### Your instructions
Look over the lines below. Report each one that includes the string "Tote".

□ □ □ □ □

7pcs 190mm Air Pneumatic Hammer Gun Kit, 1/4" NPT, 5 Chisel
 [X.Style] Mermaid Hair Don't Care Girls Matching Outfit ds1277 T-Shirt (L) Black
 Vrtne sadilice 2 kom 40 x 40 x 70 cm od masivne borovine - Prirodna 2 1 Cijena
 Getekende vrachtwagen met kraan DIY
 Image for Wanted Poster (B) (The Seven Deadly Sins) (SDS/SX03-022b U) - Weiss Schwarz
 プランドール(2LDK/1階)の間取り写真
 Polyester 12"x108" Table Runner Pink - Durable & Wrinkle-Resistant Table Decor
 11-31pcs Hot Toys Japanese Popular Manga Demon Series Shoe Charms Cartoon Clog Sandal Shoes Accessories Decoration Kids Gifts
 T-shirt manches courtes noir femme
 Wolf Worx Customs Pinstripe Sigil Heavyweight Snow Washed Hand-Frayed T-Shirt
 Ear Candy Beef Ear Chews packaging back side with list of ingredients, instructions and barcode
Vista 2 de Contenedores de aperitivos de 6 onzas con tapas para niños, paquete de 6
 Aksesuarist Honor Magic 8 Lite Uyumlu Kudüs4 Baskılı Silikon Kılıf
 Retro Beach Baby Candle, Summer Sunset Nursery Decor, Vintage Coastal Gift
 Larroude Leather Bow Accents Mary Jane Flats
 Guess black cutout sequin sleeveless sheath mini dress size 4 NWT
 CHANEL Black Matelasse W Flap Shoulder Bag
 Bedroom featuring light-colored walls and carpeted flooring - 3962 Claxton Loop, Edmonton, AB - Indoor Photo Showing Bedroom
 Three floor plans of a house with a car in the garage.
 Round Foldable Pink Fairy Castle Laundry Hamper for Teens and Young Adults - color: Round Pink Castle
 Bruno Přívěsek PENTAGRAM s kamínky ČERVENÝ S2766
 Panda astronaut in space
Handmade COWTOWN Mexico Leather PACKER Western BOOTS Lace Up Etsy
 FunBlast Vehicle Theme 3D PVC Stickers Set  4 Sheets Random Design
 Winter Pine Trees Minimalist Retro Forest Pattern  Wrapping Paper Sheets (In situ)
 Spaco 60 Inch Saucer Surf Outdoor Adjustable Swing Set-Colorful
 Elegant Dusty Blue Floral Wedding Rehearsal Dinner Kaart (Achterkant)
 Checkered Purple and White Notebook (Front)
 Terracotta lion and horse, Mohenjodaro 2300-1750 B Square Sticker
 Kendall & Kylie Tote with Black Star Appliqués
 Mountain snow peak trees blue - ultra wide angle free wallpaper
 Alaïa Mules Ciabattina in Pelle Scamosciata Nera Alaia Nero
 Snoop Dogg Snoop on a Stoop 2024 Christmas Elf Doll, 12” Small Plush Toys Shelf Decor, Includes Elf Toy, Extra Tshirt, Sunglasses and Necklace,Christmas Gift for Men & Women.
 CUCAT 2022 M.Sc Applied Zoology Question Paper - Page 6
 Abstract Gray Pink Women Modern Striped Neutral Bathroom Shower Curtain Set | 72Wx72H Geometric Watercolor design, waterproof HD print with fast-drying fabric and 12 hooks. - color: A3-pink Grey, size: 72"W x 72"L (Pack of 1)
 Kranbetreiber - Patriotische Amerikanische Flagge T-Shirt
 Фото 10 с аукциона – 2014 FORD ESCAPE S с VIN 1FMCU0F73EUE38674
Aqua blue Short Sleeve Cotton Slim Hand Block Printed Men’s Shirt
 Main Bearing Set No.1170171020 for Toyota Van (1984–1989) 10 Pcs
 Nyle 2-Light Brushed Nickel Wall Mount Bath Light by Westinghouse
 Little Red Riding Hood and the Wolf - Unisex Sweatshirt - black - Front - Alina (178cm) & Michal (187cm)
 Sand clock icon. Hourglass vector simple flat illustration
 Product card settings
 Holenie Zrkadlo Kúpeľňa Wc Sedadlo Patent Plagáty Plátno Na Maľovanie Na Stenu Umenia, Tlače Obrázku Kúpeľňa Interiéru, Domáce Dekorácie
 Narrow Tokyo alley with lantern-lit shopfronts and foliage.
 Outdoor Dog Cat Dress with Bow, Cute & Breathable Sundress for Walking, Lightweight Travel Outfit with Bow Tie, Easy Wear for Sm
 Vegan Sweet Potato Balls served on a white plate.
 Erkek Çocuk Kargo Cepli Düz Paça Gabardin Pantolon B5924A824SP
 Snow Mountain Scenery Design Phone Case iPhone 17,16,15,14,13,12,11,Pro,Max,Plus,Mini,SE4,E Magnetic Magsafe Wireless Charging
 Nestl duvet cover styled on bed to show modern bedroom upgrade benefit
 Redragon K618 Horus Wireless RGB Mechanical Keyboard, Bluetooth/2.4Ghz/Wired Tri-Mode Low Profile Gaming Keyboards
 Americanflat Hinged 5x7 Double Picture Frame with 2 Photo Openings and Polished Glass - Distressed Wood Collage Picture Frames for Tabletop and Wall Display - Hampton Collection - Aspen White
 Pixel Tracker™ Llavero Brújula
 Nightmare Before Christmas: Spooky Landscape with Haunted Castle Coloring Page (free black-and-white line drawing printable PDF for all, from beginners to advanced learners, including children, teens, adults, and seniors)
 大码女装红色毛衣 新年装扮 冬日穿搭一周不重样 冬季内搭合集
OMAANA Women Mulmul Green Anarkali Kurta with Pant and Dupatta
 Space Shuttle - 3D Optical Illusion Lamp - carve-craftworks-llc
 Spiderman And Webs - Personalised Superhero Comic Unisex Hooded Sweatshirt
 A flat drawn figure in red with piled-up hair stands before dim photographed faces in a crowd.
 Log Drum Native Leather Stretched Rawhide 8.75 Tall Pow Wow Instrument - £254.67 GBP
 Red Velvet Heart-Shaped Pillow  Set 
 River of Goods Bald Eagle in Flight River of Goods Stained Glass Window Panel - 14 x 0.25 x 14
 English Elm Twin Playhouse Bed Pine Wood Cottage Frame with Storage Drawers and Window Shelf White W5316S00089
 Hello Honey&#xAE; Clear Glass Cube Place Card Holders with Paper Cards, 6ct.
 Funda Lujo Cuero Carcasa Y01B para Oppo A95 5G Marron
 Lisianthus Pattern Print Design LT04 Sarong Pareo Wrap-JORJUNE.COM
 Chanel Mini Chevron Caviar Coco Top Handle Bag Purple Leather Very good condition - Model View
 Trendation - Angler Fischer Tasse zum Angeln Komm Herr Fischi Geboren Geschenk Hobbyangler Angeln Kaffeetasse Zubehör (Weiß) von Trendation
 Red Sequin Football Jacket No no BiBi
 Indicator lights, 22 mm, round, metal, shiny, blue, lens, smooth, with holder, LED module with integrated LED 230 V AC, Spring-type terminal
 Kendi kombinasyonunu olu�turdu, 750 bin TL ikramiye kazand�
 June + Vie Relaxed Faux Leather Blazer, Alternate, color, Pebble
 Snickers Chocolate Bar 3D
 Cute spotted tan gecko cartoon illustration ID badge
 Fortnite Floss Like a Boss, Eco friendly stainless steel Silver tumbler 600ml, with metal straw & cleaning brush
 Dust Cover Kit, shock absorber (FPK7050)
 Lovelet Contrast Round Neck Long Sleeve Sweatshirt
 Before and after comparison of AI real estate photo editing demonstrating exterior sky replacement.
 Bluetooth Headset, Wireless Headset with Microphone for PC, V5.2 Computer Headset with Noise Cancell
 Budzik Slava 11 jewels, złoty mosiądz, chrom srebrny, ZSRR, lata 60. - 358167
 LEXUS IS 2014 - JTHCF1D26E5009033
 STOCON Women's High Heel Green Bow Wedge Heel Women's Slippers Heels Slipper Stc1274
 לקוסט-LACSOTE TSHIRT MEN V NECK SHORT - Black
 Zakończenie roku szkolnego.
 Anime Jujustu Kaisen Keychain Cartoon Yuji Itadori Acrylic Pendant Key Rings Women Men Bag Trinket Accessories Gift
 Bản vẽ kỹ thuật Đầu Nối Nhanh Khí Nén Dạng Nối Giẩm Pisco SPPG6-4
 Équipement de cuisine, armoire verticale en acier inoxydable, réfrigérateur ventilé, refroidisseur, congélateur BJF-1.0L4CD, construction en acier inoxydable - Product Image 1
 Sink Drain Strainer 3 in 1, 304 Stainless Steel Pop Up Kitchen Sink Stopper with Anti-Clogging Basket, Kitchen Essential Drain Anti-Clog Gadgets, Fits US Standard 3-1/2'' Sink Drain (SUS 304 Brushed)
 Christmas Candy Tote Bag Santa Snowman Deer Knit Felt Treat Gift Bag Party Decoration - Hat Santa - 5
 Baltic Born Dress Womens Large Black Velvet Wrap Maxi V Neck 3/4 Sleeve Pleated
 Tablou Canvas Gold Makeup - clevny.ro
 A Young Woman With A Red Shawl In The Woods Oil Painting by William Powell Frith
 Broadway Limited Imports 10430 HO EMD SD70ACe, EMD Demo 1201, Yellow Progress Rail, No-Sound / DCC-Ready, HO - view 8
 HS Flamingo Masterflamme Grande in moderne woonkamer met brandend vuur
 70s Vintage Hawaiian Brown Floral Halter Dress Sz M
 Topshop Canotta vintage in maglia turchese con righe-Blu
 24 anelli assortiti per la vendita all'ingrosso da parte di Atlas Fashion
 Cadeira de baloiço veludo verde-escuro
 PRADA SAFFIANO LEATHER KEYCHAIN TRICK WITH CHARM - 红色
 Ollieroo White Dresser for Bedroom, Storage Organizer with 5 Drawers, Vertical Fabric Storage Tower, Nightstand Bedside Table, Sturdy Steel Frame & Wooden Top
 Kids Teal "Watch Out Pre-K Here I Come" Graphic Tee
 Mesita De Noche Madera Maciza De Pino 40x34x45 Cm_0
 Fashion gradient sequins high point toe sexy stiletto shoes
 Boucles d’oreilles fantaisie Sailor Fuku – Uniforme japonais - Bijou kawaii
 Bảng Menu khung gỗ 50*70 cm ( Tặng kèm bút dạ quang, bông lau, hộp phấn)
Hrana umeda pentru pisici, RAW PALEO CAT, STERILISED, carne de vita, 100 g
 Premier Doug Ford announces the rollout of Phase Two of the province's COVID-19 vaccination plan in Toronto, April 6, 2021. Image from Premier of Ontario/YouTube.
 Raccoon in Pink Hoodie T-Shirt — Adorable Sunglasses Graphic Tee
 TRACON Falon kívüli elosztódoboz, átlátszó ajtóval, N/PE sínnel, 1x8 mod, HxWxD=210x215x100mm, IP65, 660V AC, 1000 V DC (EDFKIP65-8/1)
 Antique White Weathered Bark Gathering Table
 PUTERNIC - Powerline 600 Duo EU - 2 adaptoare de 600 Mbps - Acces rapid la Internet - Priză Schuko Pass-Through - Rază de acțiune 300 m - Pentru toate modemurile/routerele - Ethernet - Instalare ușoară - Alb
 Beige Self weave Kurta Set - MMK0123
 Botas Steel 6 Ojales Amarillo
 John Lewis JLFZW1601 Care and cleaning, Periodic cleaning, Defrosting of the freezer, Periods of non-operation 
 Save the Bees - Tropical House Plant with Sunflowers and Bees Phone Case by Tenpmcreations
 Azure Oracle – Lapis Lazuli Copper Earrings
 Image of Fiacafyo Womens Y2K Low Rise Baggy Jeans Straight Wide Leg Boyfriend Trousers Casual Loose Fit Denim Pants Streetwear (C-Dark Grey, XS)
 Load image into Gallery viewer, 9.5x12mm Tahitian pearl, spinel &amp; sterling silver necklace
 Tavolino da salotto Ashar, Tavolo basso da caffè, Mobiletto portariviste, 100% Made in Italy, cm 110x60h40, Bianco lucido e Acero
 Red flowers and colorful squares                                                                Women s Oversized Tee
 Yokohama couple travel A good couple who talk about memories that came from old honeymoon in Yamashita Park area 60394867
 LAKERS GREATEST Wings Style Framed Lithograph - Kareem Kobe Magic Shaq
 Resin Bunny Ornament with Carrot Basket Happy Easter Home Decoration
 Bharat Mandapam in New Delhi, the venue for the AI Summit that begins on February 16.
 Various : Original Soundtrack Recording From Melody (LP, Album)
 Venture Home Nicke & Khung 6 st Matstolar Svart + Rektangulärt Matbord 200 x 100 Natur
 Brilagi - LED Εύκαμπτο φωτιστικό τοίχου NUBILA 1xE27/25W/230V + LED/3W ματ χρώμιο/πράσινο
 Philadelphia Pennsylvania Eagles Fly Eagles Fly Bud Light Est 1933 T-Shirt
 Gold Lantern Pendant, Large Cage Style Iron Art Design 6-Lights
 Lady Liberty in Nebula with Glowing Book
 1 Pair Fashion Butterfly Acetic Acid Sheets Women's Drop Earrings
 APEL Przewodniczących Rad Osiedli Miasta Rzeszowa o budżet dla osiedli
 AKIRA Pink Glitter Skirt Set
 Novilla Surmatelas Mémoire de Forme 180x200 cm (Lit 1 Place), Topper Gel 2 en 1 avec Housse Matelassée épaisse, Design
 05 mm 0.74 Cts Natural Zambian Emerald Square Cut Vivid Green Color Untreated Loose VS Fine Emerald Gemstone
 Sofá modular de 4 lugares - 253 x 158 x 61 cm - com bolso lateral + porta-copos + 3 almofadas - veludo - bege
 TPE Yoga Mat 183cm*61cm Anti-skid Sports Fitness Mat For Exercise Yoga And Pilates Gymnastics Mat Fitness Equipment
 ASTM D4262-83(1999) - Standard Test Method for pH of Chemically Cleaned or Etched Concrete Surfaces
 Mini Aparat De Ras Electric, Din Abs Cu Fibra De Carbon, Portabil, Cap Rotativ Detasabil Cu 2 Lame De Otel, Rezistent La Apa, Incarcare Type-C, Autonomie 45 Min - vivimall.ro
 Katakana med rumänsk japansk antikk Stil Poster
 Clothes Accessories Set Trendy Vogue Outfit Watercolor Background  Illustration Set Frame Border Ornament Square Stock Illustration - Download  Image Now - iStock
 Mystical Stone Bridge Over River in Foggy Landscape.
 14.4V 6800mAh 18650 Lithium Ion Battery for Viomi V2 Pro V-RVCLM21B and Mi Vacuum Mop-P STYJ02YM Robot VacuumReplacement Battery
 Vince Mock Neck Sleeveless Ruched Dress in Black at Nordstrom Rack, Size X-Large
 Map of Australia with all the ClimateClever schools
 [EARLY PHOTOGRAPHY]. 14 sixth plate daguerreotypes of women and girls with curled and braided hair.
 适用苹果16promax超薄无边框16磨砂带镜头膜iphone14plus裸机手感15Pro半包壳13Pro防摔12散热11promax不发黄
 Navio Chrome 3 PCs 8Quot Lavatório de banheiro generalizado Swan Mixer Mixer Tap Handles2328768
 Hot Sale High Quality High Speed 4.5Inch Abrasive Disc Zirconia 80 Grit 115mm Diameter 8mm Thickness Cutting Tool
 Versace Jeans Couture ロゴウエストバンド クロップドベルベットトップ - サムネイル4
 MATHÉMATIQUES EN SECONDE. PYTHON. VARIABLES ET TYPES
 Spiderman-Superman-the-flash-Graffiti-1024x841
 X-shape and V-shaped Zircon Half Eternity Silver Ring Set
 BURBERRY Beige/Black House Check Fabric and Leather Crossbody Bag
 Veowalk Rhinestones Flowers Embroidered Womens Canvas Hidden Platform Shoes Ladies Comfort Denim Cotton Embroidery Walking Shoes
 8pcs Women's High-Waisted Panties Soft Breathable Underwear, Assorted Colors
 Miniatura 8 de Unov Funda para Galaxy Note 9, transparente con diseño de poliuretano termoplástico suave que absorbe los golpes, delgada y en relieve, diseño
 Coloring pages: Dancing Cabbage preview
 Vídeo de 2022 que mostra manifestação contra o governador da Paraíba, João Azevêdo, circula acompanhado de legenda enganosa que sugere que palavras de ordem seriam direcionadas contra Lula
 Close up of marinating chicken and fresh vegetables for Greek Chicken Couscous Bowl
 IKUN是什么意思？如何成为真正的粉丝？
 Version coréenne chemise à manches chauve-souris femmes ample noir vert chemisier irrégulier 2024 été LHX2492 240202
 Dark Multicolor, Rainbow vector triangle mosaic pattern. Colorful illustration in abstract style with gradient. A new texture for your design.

□ □ □ □ □

### Answer
 Kendall & Kylie Tote with Black Star Appliqués
 Christmas Candy Tote Bag Santa Snowman Deer Knit Felt Treat Gift Bag Party Decoration - Hat Santa - 5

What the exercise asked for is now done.